# TASK INSTRUCTIONS:
Below is a listing. Return the lines from the one that contains "宁夏关键词优化之低成本步骤全攻略 宁夏关键词优化之低成本步骤全攻略" to the one that contains "istock Portrait of", both ends included, verbatim and with no pictures.

---- DATA SECTION

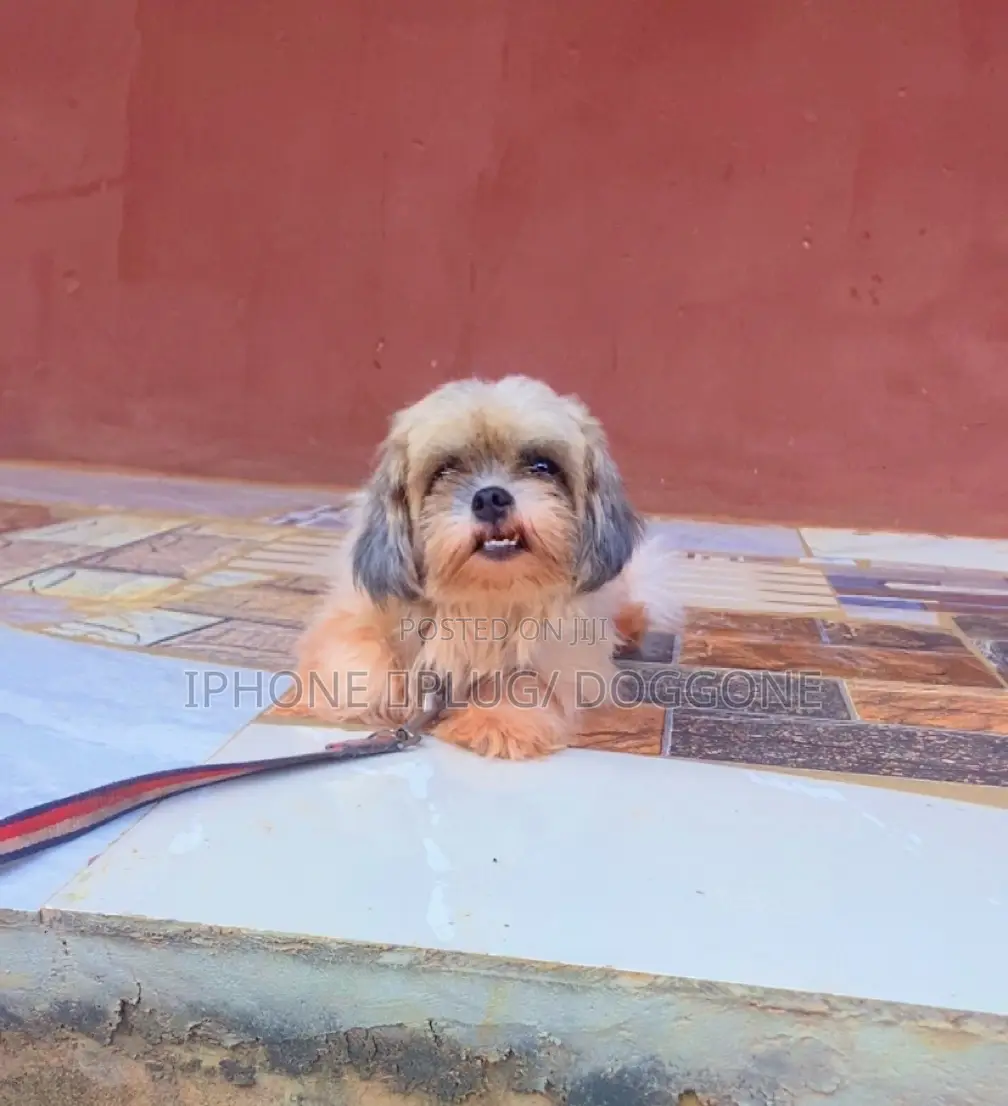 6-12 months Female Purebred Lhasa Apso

--------
---- DATA SECTION

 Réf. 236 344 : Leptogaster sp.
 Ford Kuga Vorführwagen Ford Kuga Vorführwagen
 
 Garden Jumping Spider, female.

--------
---- DATA SECTION

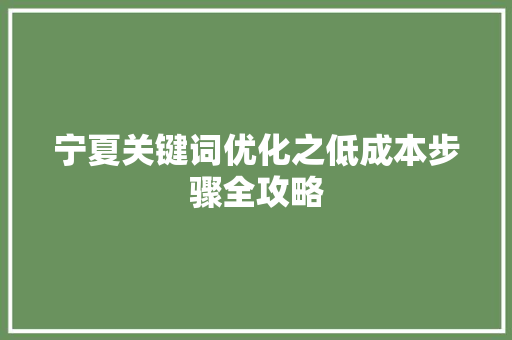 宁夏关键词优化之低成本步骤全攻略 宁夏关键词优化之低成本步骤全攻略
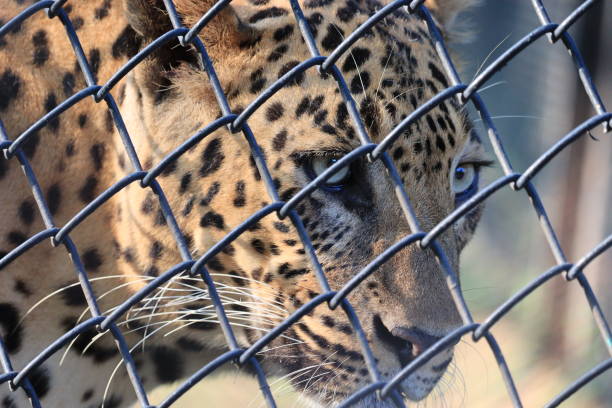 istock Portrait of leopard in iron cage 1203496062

--------

# SOLUTION TO THE EXERCISE:
 宁夏关键词优化之低成本步骤全攻略 宁夏关键词优化之低成本步骤全攻略
 istock Portrait of leopard in iron cage 1203496062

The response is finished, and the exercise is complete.